In the last couple of years, tremendous progress has been made in the field of voice and speaker recognition and corresponding technologies have since made their way into our everyday life, e.g. when we control smartphones using our voice or talk to robots on the phone guiding us through service hotlines. In the coming years and decades, speech processing technologies are expected to reach the next stage: they will gain social skills in order to make dialogs more intuitive and searches more efficient, as well as making speech analysis systems in the commercial, healthcare and security sectors more robust and universal. One essential requirement is that speech analysis systems not only recognize the textual content of verbal expressions ("what is said") but also understand any paralinguistic content ("who says it, how, where, and in what context"). In order to reach this goal, it is necessary to reliably detect speaker attributes and states such as age, gender, height, accent/dialect, personality, state of health, tiredness, soberness and affective state.

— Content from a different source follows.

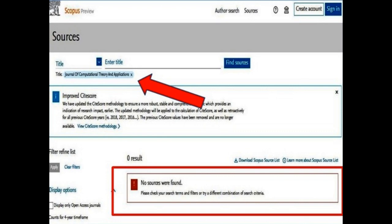For example, we are searching for a journal called Journal of Computational Theory and Applications. Since it is not Scopus indexed, no results were found.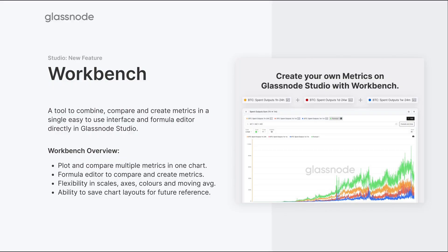We'll start off with a very quick overview of what Workbench is and all the features that are available, and then we'll actually jump in and build up some live charts so you can see how the tool is used in practice. Workbench is a tool that's been designed with flexibility and creativity in mind, giving analysts the ability to combine, compare, and contrast different metrics all within a single chart interface.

The research project iHEARu, short for "Intelligent systems' Holistic Evolving Analysis of Real-life Universal speaker characteristics", tries to push new limits in intelligent speaker analysis and aims at developing brand-new speech analysis methods. This includes machine learning techniques that recognize multiple attributes at the same time and leverage any correlations between them (e.g. BLSTM-RNN or multi-task linear regression), as well as semi-supervised learning methods that allow the use of large training datasets without the need of spending much effort on their annotation.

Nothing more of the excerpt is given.